I opened an account with Nationwide for DD and as long as I opened a savings account too (with as little as £1 in it for me) then she got 5% (I think) interest as long as it was in there fixed for 3+ years which was the best around a few months back. Perhaps you could put some into an ISA to ensure it is tax free and the rest into a flexible savings account for you (so you can top up your ISA each year) and then set up something like this if they are still doing the offer? I think it was online btw. Hope that helps.
Squirrels - you need to take advice n this.
I am surprised that your GD's estate hasn't specified the trust arrangement for th GCs inheritance.
All savings accounts for children are tax free. Take a look at nationwide I've just opened one for youngest Dd.

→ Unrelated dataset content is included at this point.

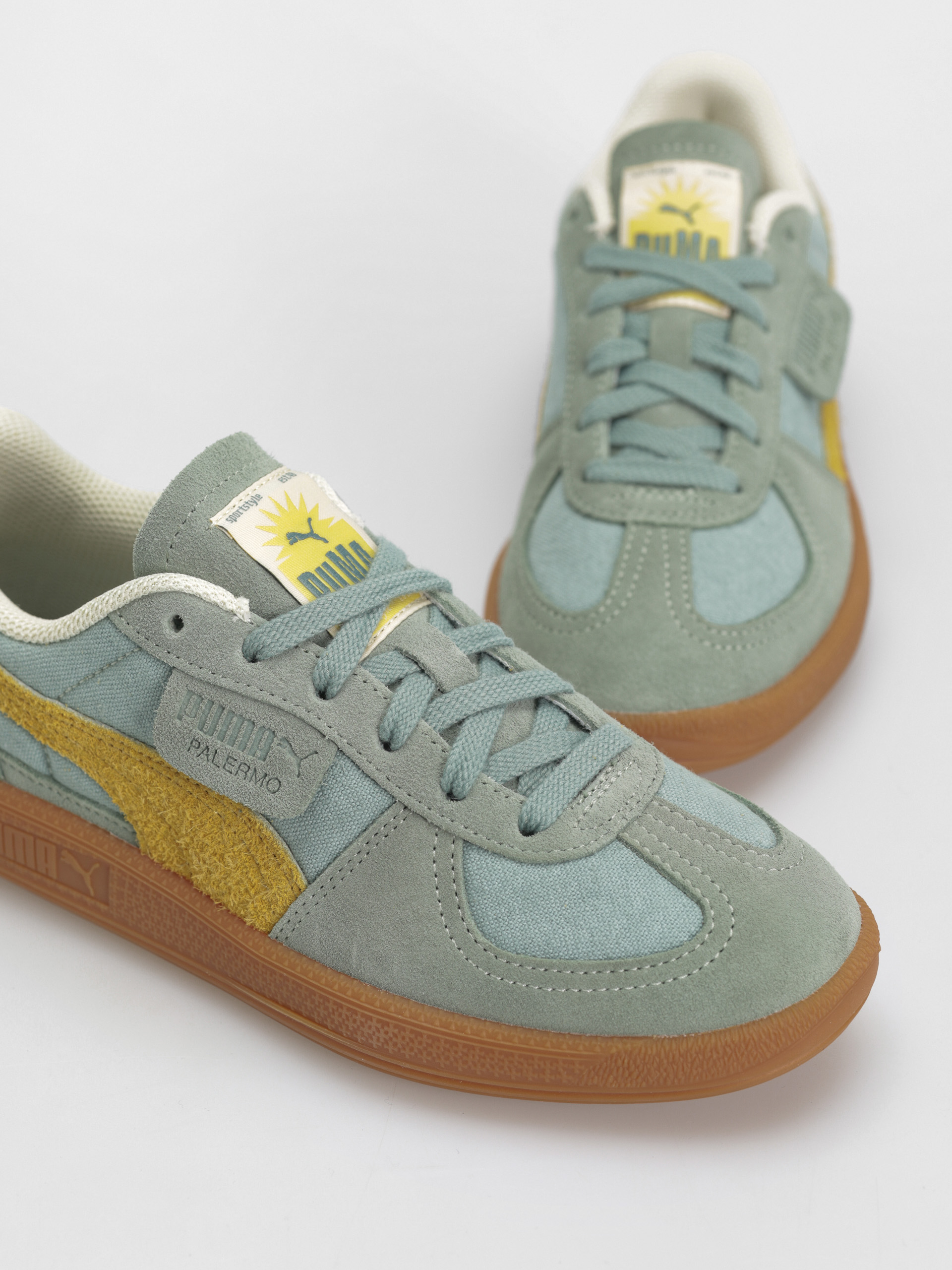 Buty Puma Palermo Weathered (green moon sunny yellow)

I think if you invest the DCs in junior ISAs then no one will be able to access the funds until they are 18. You can invest £3600 per tax year. Don't think they can have them if they already have child trust funds though
Interest rates are currently terrible, even on long term accounts. They're less than the rate of inflation so you will be losing money in real terms. As you're looking for a long term investment for the kids you should consider a junior ISA and I would opt for a stocks and shares ISA. Have a look at Hargreaves Lansdowne's website for more info (I have no connection to them, other than being a very satisfied customer).
For your money, find the best instant access account you can but don't expect much.
I also have a hargreaves lansdown Junior stocks & shares ISA for DD. Would recommend.
Sorry to hear about your Grandfather.
Re: *The money for the kids is to be put into a trust fund until they're 18.*
If the Will stated that a Trust fund should be set up then this would have been part of the executors responsibilities when they divided your Grandfather's estate. If it was simply a wish that the money "be put away until the children are 18" then you can choose what to do with it.
With a relatively small amount of money I would shy away from any type of investment or stocks & shares ISA as your capital (the cash) is at risk. I'd look for a high interest account (not that rates are great a the moment but your money is safe)
A cash ISA for you will mean that you receive your interest at the gross rate (no income tax to pay)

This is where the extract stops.